* Scraped caption text data
[Start of section]
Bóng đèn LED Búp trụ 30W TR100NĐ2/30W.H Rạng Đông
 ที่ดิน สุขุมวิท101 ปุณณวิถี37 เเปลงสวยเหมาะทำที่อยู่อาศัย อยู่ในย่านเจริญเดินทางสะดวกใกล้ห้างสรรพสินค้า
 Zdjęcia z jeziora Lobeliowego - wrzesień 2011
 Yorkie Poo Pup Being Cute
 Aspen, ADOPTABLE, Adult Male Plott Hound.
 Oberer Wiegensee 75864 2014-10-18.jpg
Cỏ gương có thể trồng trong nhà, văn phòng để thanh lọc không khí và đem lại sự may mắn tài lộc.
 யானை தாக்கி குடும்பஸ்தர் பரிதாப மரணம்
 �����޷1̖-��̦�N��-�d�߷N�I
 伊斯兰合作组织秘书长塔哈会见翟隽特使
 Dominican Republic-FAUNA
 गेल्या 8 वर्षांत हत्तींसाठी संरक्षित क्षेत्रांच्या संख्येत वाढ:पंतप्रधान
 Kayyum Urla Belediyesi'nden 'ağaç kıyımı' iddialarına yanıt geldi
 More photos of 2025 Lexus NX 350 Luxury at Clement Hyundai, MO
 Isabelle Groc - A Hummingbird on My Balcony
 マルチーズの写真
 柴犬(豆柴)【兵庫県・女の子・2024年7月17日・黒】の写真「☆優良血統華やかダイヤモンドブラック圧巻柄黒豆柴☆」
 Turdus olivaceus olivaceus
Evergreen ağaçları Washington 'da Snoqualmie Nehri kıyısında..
[End of section]
* Problem details
Repeat the records, every one of them, without any deviation.

* Your response
Bóng đèn LED Búp trụ 30W TR100NĐ2/30W.H Rạng Đông
 ที่ดิน สุขุมวิท101 ปุณณวิถี37 เเปลงสวยเหมาะทำที่อยู่อาศัย อยู่ในย่านเจริญเดินทางสะดวกใกล้ห้างสรรพสินค้า
 Zdjęcia z jeziora Lobeliowego - wrzesień 2011
 Yorkie Poo Pup Being Cute
 Aspen, ADOPTABLE, Adult Male Plott Hound.
 Oberer Wiegensee 75864 2014-10-18.jpg
Cỏ gương có thể trồng trong nhà, văn phòng để thanh lọc không khí và đem lại sự may mắn tài lộc.
 யானை தாக்கி குடும்பஸ்தர் பரிதாப மரணம்
 �����޷1̖-��̦�N��-�d�߷N�I
 伊斯兰合作组织秘书长塔哈会见翟隽特使
 Dominican Republic-FAUNA
 गेल्या 8 वर्षांत हत्तींसाठी संरक्षित क्षेत्रांच्या संख्येत वाढ:पंतप्रधान
 Kayyum Urla Belediyesi'nden 'ağaç kıyımı' iddialarına yanıt geldi
 More photos of 2025 Lexus NX 350 Luxury at Clement Hyundai, MO
 Isabelle Groc - A Hummingbird on My Balcony
 マルチーズの写真
 柴犬(豆柴)【兵庫県・女の子・2024年7月17日・黒】の写真「☆優良血統華やかダイヤモンドブラック圧巻柄黒豆柴☆」
 Turdus olivaceus olivaceus
Evergreen ağaçları Washington 'da Snoqualmie Nehri kıyısında..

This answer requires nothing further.